Action item: Produce word for word the lines of the data below running from the one that has "TAUPE[トープ] / サイドラインパンツ（GEOMETRIC" to the one that has "Building Photo - Stylish Tremont Townhome!", inclusive, and no others.

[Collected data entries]

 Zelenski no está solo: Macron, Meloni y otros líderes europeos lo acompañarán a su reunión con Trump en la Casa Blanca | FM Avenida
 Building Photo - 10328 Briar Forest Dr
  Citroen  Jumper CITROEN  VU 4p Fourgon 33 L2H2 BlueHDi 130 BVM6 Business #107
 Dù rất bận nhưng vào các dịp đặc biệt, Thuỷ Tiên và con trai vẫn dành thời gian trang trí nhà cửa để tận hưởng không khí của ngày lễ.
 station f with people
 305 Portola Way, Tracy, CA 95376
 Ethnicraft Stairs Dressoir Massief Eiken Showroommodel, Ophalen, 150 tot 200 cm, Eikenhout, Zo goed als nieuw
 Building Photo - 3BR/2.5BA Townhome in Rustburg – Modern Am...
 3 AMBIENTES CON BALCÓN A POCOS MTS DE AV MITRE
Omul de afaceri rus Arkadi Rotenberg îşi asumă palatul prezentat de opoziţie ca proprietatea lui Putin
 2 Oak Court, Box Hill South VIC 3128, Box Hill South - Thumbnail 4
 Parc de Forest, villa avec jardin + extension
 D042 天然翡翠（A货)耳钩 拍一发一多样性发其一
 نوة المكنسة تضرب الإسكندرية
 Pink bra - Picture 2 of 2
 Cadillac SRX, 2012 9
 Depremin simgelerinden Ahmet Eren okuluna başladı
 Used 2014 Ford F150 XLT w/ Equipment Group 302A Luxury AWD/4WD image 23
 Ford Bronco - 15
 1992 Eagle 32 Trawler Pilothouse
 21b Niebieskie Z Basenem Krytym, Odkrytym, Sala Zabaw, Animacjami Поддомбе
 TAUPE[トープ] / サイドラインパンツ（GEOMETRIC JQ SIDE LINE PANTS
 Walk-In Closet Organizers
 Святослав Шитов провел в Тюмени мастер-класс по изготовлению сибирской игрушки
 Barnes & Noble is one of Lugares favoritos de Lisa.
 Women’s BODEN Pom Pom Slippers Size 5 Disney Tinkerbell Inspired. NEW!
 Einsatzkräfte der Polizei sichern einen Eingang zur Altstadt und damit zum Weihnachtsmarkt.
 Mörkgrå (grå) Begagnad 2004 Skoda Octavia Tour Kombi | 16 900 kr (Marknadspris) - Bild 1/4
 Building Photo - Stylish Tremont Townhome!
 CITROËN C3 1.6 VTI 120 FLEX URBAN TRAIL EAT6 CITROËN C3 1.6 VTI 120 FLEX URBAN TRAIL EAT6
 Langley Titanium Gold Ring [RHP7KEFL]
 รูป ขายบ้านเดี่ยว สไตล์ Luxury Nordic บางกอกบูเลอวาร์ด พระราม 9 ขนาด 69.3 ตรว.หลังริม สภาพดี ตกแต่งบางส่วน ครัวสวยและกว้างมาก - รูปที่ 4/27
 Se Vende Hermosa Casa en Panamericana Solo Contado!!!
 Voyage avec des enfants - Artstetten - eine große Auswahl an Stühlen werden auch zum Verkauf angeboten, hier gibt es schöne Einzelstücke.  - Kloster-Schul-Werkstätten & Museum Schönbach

Output below:
 TAUPE[トープ] / サイドラインパンツ（GEOMETRIC JQ SIDE LINE PANTS
 Walk-In Closet Organizers
 Святослав Шитов провел в Тюмени мастер-класс по изготовлению сибирской игрушки
 Barnes & Noble is one of Lugares favoritos de Lisa.
 Women’s BODEN Pom Pom Slippers Size 5 Disney Tinkerbell Inspired. NEW!
 Einsatzkräfte der Polizei sichern einen Eingang zur Altstadt und damit zum Weihnachtsmarkt.
 Mörkgrå (grå) Begagnad 2004 Skoda Octavia Tour Kombi | 16 900 kr (Marknadspris) - Bild 1/4
 Building Photo - Stylish Tremont Townhome!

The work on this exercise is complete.